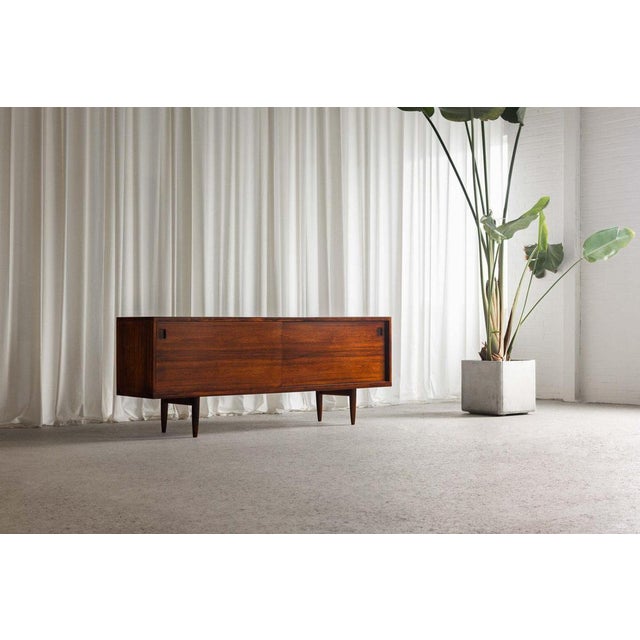This stunning model 20 sideboard, designed by niels otto møller and manufactured by j.l. Møller møbelfabrik in denmark in...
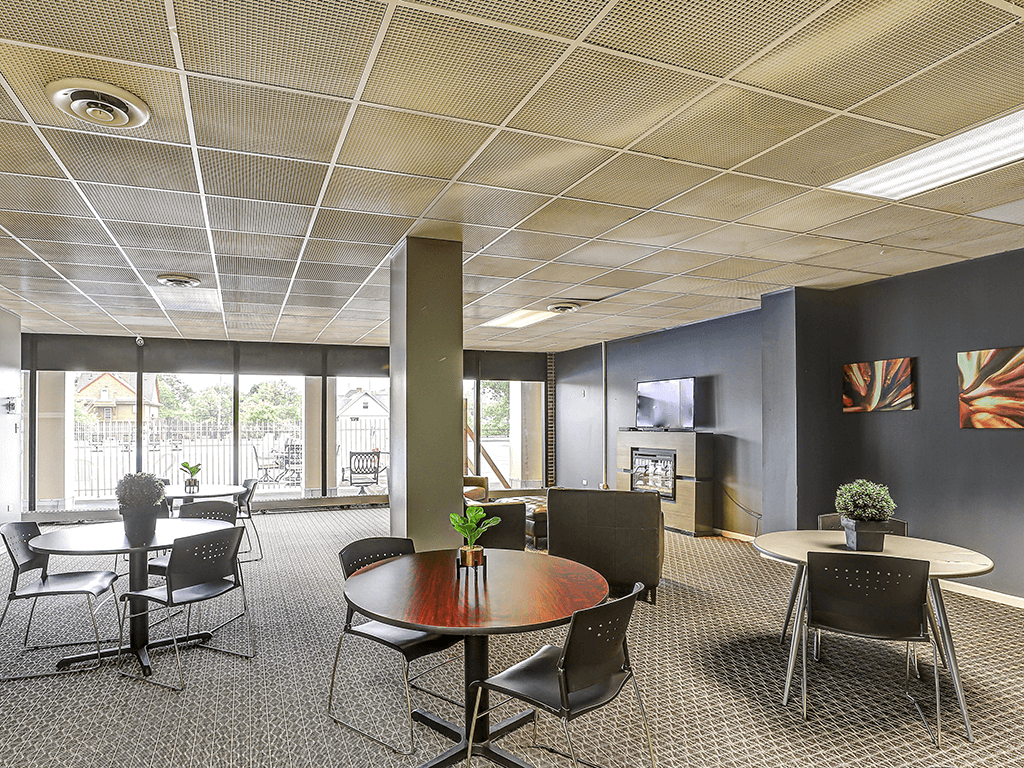 A conference room with a table and chairs.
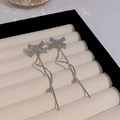 Silver bow tassel drop earrings with sparkling rhinestones in a white jewelry box - Full Rhinestone Bowknot Wave Tassel (HSLE5131 Silver)
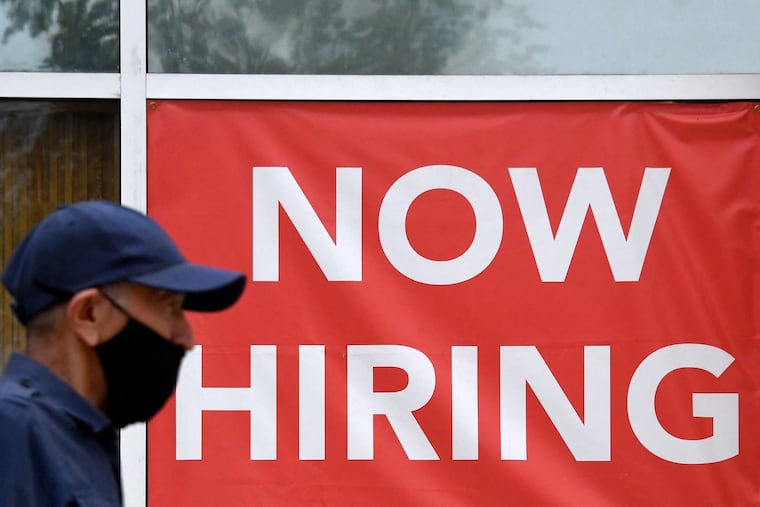 A man walks by a "Now Hiring" sign outside a store in Arlington, Va.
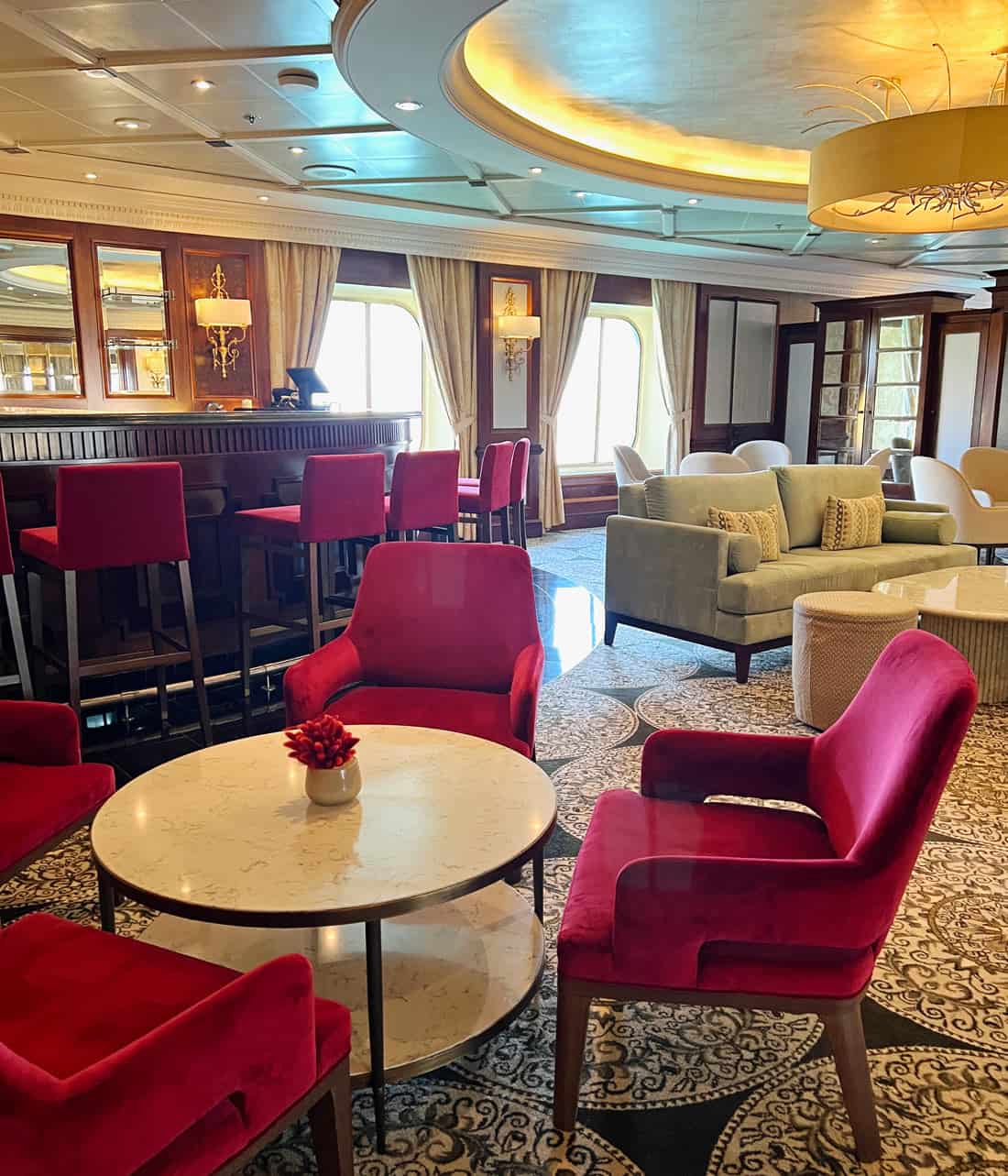 Burgundy chairs and tables in a drinks lounge on Azamara Quest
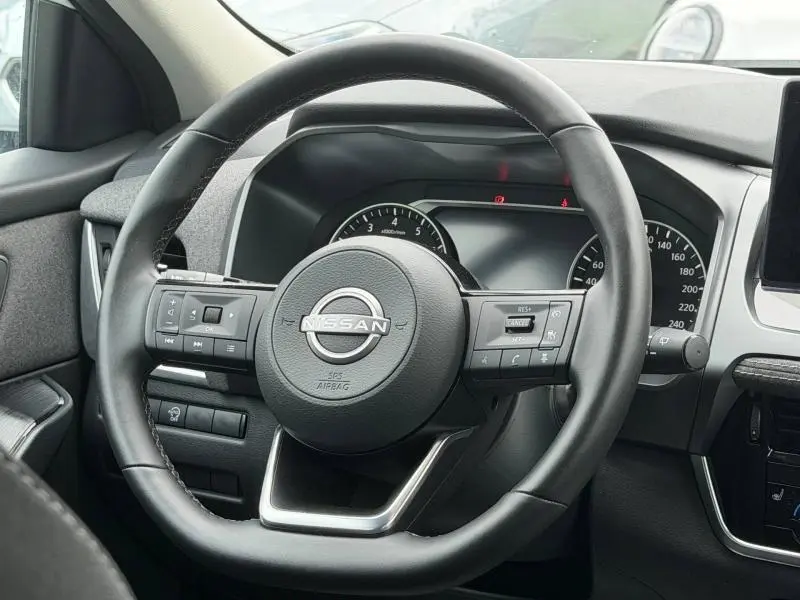 Vue rapprochée du volant cuir multifonction noir du Nissan Qashqai 2025 avec tableau de bord numérique en arrière-plan.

- - - -

TASK DIRECTIONS:
Omit the pictures and copy the records above exactly.

ANSWER FOR THE TASK:
This stunning model 20 sideboard, designed by niels otto møller and manufactured by j.l. Møller møbelfabrik in denmark in...
 A conference room with a table and chairs.
 Silver bow tassel drop earrings with sparkling rhinestones in a white jewelry box - Full Rhinestone Bowknot Wave Tassel (HSLE5131 Silver)
 A man walks by a "Now Hiring" sign outside a store in Arlington, Va.
 Burgundy chairs and tables in a drinks lounge on Azamara Quest
 Vue rapprochée du volant cuir multifonction noir du Nissan Qashqai 2025 avec tableau de bord numérique en arrière-plan.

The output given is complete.